This was not a breakthrough, as Mr Carter has admitted. The Damascus meetings and communiqués had no official status. Any acceptance by Hamas of Israel as a neighbour would depend on a reconciliation between Hamas and Fatah, a return by Israel to its pre-1967 borders and a referendum involving all Palestinians. The list of caveats is long enough for Mr Carter's critics to dismiss his optimism as meaningless. The trouble for Israel, Washington and moderate Palestinians is that the same can be said of the peace process in its current moribund state.

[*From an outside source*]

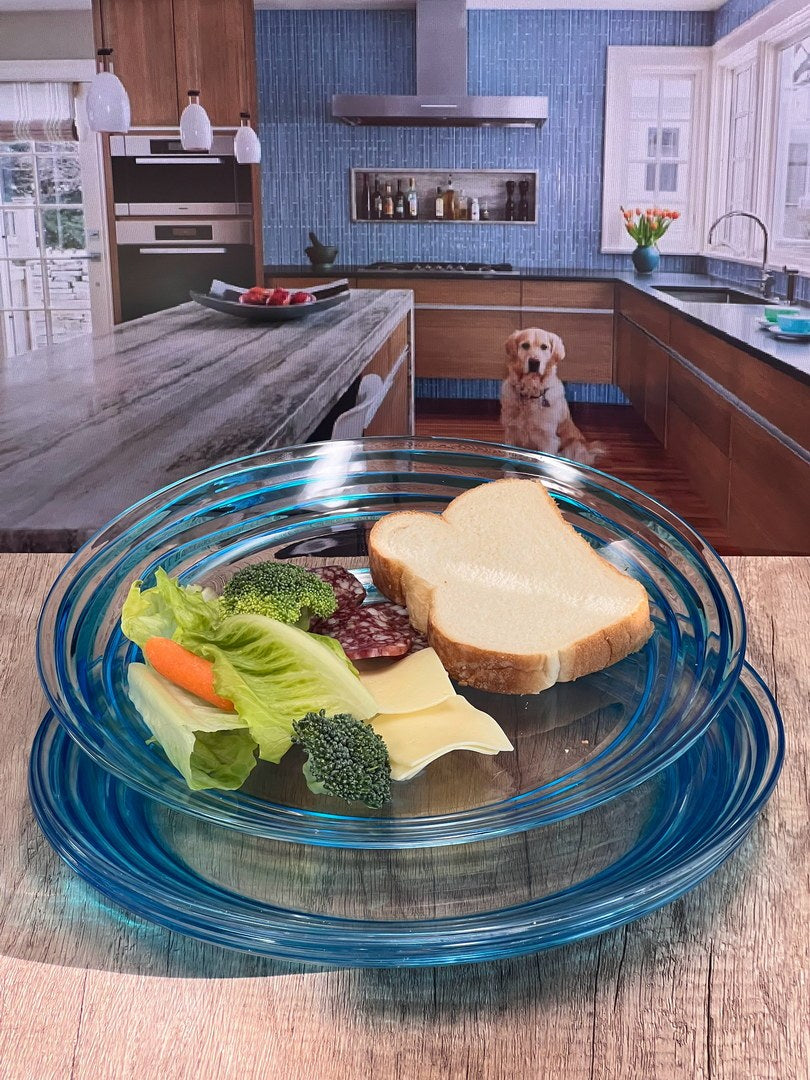 Designer Swirl 12" Acrylic Dinner Plates Set Of 4, Blue Plastic Plates Reusable, Unbreakable Kitchen Plates For All Occasions Bpa Free Dishwasher Safe Blue Acrylic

Five months ago, in Annapolis, President Bush committed his Administration to achieving a comprehensive Israeli-Palestinian settlement by January 2009 with the involvement of Mahmoud Abbas, the Palestinian President and Fatah leader - but not Hamas. The goal was honourable and the choice of Palestinian partner predictable, given Hamas's terrorist status. Yet Hamas controls Gaza and won the Palestinian parliamentary elections of 2006 by a landslide. In the search for a two-state solution, it is the unconsulted but pivotal third party.

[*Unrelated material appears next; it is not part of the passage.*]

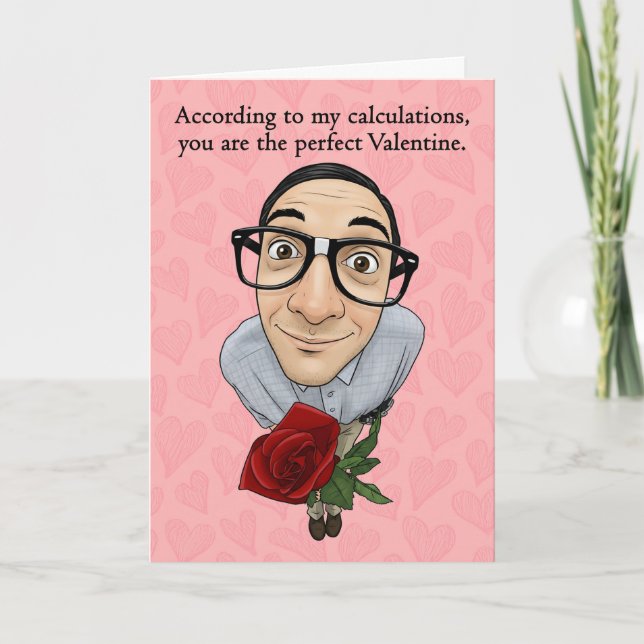 Happy Valentines Day Will You Be Mine Nerdy Geek  Holiday Card (Front)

Meanwhile, Mr Abbas has little to show for his co-operation. To have any chance of success the Annapolis approach must not only isolate Hamas in Gaza. It must also reward moderate Palestinians on the West Bank with greater freedom of movement where possible without jeopardising Israeli security, and with meaningful negotiations on the future of illegal settlements. Instead, the building of new settlements has continued. In this context, praise from Dr Rice for Mr Abbas's leadership is not enough.
Mr Carter may seem naive for a 83-year-old, but he is right that the peace process is “not working”. New approaches are needed urgently. Syria's involvement as a mediator is one worth pursuing; President Assad has signalled that he may at last be serious about peace with Israel even at the cost of distancing himself from Iran. Initiatives like Mr Carter's are, likewise, important. They commit the US to nothing. Still less do they legitimise acts of terror by Hamas. But they give valuable insights into Hamas thinking, which for good or ill will determine the fate of the formal peace process. For its own part, Hamas should seize this moment to call a unilateral ceasefire and release its three Israeli prisoners. That might earn it a hearing from more powerful figures than the peanut farmer from Plains, Georgia.